I've complained about Java web frameworks before, especially this obsession with MVC, but much of the issue is with Java, not the framework designs. There are two many steps involved in deploying a servlet app, or making changes to a running one, or updating half-a-dozen XML files - it's ridiculous. All I want to do is edit and hit reload. Letting me hit reload is the system job. To get there means scripting support.
(Non) Conclusion: RoR's database dependency and Object MVC obsession isn't working for me. of course if you read the 37Signals weblog (and you should) your conclusion could be that I'm approaching this entirely wrong and I should start with a user interface as the requirements and work back. But you know, slick UIs are like nice shoes - awfully sexy but awfully transient - you put them on and still no-one sees the real you. Whereas data will set you free. Less surreally - I don't care what the UI is made out of as long as its not arduous and doesn't dictate how this data is going to be structured.
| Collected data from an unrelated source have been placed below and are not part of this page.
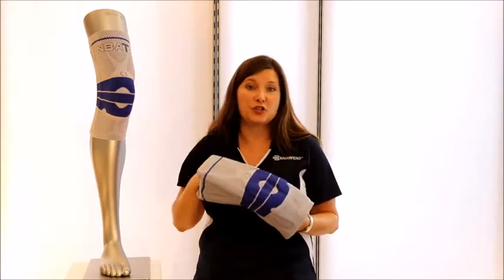Now we have a better solution than the traditional neoprene braces. We have the Bauer Fine GenuTrain. The Bauer Fine GenuTrain works so well with basketball that we are actually official partners with the NBA Trainers Association, and many of their players are using it.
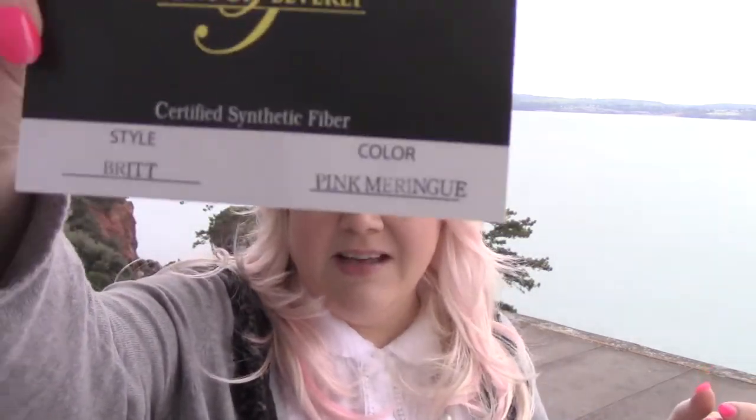So this delicious and super fun cut and color combo has been the Brit by Tony of Beverly in the color pink meringue. I cannot say enough about how fun this color is and how cute it is on this wig. It's really amazing. And it looks just this cute in person. What you're seeing on your monitor is very true to how this actually looks. It's gorgeous. It's like a frappe of delicious strawberry goodness. I give it a hearty double thumbs up and I think that if you're into fun colors, you should check this one and the one with the lavender highlights out.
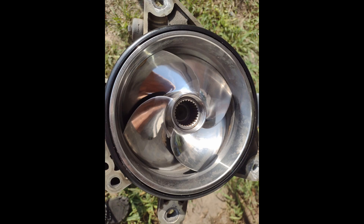I'm running the stock intake grate, not running any kind of winged intake grate — just the stock two bars. I'm also running a Solas Concord stainless prop, running a 1319R to get that speed. I've heard guys running the 1520R but I'm not quite going that big just yet.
CherryPy is the closest thing to a decision I've settled on in the Python world, but I'm really not sure. Not at all. [update: I am getting a ton of feedback on the Python side of things, enough to have me going back to reassess as I clearly don't have enough of a clue]
The best option for Java seems to be WebWork (one of my favourite web applications is built on it). WebWork is a big improvement over Struts and the Java world is really missing a trick by going straight to JSF. The main problem is setting things up for scripting, to get out from under the compile/deploy/load loop. PyServlet comes with Jython, but that leaves things configured backways, by putting the Jython at the front of processing chain; whereas it would be better to script the action code to be invoked by a framework. Then the framework is dealing with skinning, sessions, stringtables and the like. I'm thinking about embed a JythonActionSupport into WebWork so it can call out to .py files implementing the ActionSupport interface. WebWork uses proxy generation to create and fill out your action objects, hopefully there won't be problems integrating that magic with Jython.
Generally, the web frameworks situation is depressing unless you're a researcher. If someone thinks there's a framework I should be looking at, shout. Deparalysis imminent.